Work task =>
Copy every line of the data exactly, keeping out any picture.

Exercise data =>
****************
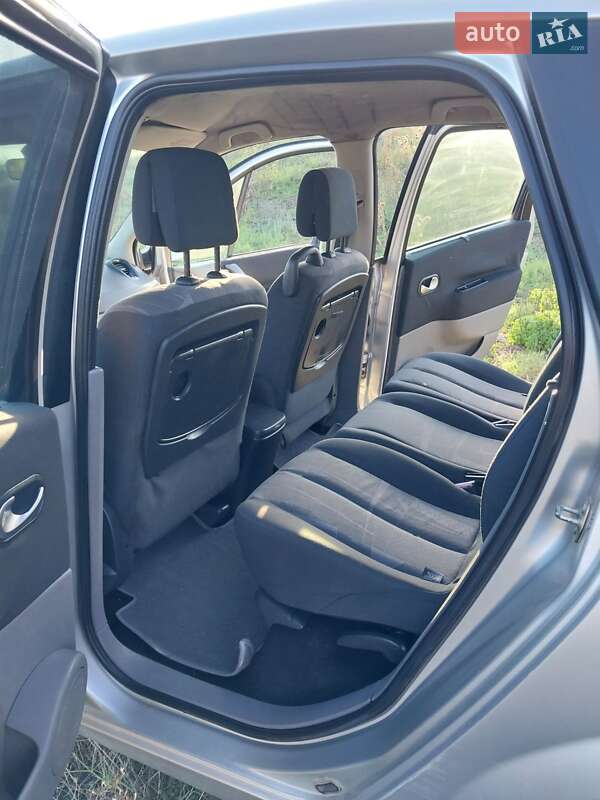 Минивэн Renault Scenic 2005 в Измаиле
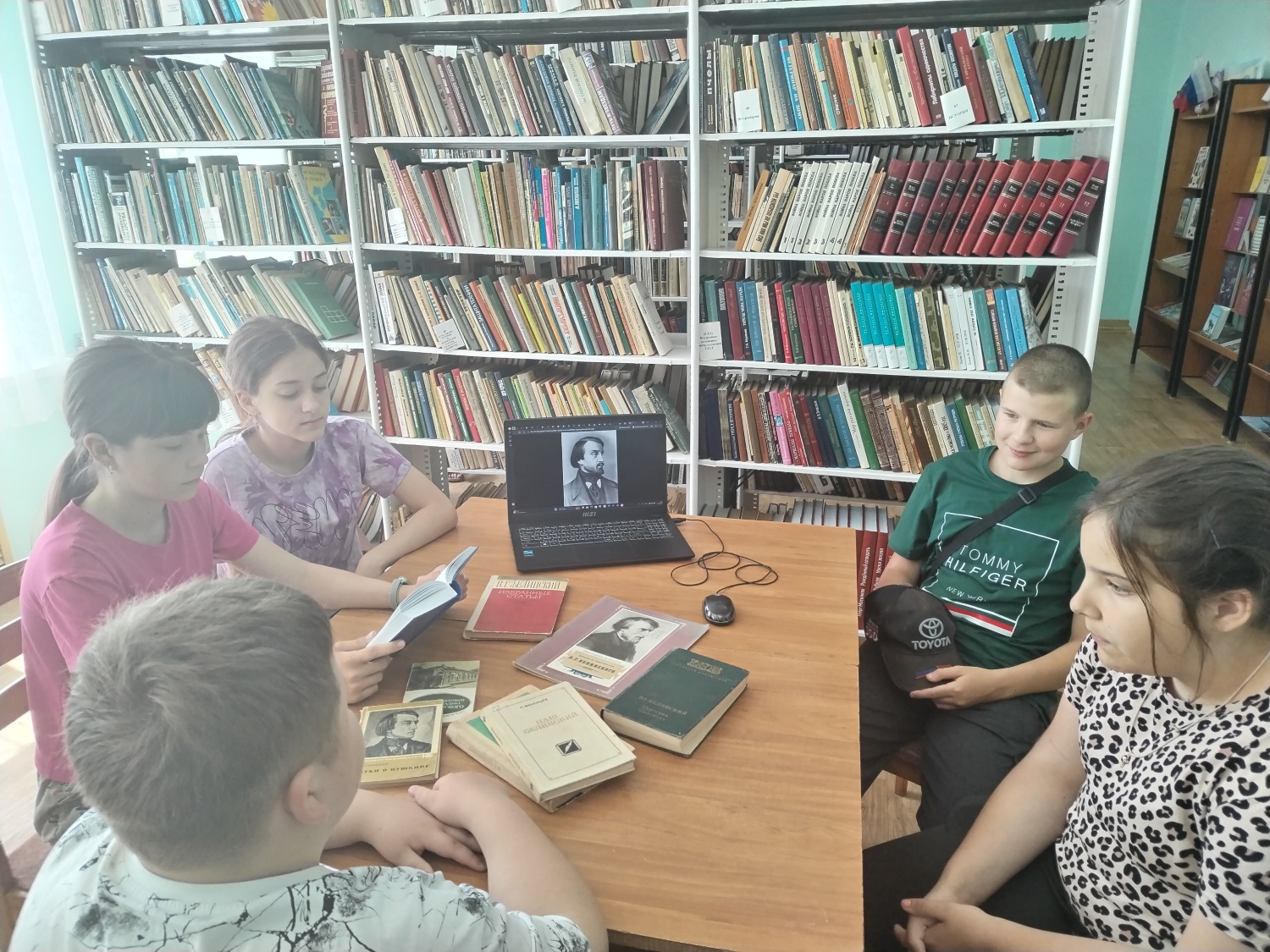 Литературное знакомство«В. Г. Белинский – мастер литературной критики» Литературное знакомство«В. Г. Белинский – мастер литературной критики»
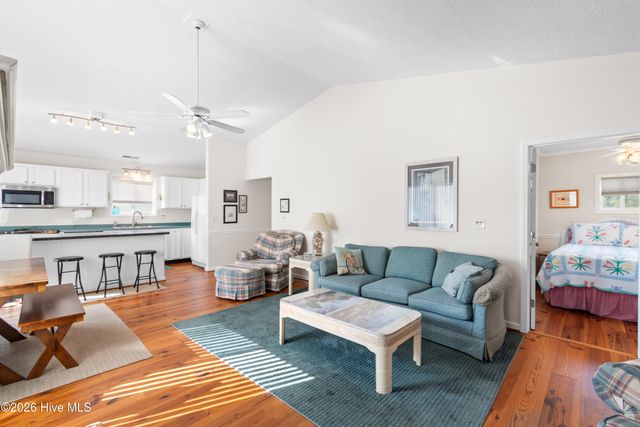 101 SE 24th Street, Oak Island, NC 28465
****************
Response to this task =>
 Минивэн Renault Scenic 2005 в Измаиле
 Литературное знакомство«В. Г. Белинский – мастер литературной критики» Литературное знакомство«В. Г. Белинский – мастер литературной критики»
 101 SE 24th Street, Oak Island, NC 28465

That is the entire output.